I think the message of Any Given Sunday is all wrong. It’s like director Oliver Stone is trying to say that television ruined football forever. This is complete bullshit because as we all know, we tune into the Super Bowl not because of the game, but for the commercials.
There are other flaws here. The flick is too long and the narrative is too disjointed for it to really work. And even as sports movies go, Any Given Sunday is curiously low on dramatics. In fact, I’ve had more drama playing a game of Madden than what’s in this flick.
Whatever it’s faults are, Any Given Sunday remains immensely entertaining thanks to the amazing cast. Pacino does a fine job and Quaid is perfect as the aging quarterback. I think my favorite duo though was James Woods and Matthew Modine as the bickering team doctors. I also dug Aaron Eckhart as the offensive coordinator, Ann-Margret as Diaz’s boozy mother; and it was fun seeing football vets Jim Brown and Lawrence Taylor too.

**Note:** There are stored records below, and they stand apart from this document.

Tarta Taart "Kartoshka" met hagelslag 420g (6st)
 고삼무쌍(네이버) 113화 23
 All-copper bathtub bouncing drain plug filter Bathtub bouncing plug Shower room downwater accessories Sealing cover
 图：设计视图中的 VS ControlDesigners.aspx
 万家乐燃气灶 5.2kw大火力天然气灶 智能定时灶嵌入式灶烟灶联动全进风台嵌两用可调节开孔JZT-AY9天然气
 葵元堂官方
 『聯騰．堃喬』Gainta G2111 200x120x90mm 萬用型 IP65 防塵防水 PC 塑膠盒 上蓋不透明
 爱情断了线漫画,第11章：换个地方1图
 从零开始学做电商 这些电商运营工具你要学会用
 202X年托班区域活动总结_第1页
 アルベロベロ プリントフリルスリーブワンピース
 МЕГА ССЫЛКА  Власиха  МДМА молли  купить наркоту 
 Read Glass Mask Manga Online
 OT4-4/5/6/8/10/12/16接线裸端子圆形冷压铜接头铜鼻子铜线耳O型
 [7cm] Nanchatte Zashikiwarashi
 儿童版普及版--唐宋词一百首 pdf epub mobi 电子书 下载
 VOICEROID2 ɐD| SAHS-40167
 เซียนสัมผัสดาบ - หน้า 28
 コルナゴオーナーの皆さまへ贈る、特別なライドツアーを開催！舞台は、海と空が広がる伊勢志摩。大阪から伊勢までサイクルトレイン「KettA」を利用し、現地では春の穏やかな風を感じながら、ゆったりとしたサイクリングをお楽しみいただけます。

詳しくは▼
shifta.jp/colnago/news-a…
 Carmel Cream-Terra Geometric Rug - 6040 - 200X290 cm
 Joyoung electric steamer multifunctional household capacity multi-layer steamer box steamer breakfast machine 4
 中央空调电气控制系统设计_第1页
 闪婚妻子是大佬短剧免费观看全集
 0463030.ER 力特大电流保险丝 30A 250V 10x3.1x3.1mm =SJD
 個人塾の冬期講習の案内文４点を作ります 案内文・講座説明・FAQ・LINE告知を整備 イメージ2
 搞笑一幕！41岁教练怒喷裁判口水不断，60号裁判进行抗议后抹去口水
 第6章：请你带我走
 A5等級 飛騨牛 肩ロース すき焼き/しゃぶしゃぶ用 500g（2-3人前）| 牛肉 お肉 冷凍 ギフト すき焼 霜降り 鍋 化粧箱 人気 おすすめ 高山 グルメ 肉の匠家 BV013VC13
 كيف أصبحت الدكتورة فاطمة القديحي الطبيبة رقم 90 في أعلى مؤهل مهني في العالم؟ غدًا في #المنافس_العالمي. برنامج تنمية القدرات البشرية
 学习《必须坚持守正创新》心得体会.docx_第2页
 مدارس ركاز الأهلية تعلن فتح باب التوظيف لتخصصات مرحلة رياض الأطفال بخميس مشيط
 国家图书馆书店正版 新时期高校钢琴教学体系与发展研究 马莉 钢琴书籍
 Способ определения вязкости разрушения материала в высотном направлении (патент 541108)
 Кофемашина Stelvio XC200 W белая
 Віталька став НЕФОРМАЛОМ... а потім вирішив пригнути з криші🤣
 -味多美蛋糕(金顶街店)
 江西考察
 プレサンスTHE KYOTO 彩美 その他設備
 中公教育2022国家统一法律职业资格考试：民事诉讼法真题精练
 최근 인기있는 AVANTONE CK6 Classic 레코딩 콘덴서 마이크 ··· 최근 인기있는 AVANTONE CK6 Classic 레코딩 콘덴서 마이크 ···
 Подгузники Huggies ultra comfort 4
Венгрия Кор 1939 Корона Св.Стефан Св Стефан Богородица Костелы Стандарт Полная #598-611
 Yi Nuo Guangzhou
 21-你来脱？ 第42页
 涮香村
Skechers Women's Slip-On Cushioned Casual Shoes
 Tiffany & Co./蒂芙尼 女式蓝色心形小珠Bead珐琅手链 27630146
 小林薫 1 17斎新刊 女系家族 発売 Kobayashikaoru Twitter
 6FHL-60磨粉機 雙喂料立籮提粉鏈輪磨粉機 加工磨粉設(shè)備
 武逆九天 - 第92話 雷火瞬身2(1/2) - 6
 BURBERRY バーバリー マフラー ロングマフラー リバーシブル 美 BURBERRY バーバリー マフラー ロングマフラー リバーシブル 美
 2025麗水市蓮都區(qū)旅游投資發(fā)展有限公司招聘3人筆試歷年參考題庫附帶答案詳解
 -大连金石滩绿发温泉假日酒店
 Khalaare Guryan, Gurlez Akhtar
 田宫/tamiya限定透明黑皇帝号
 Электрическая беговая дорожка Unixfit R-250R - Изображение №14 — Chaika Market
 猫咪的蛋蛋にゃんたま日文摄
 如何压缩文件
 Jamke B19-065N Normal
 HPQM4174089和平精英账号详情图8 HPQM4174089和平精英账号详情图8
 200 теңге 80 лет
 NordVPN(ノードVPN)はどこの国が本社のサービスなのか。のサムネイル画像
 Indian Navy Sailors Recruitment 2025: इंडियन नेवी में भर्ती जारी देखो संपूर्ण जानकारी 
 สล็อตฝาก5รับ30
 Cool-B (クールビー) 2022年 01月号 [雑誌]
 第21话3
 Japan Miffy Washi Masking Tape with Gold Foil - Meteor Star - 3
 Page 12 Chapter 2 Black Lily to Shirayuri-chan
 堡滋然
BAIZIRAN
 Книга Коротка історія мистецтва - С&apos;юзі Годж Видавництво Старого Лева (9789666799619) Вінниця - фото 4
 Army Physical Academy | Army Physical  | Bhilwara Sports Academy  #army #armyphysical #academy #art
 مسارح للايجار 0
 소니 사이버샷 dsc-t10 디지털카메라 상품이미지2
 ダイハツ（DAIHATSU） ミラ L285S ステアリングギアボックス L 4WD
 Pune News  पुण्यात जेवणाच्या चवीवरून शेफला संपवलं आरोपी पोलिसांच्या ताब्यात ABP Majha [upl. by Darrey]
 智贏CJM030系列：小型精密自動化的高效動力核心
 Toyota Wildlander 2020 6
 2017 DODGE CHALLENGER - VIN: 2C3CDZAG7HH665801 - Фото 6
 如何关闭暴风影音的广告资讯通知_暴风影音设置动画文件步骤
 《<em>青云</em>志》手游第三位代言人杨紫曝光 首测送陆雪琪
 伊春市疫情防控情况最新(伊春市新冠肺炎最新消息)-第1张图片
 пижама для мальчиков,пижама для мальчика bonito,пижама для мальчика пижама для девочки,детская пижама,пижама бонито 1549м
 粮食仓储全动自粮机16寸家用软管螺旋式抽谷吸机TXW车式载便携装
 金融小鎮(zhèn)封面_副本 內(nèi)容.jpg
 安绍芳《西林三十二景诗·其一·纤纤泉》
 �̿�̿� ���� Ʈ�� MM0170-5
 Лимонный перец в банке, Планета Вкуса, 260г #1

Unfortunately, this is the movie when Jamie Foxx started thinking he was a serious actor. He’s not horrible or anything but he just doesn’t have the charisma needed to stand out in the crowd. It’s also the flick where he started thinking that he was a singer too as he sings a pretty awful rap song. (Although admittedly, it’s awful on purpose… I think.)
Special Note: This brings me to the end of my Oliver Stone DVD box set. Since I’ve highly enjoyed reviewing all of his movies, I’m going to add his other films to my Netflix Queue. I look forward to watching all of them, particularly his first film, Seizure.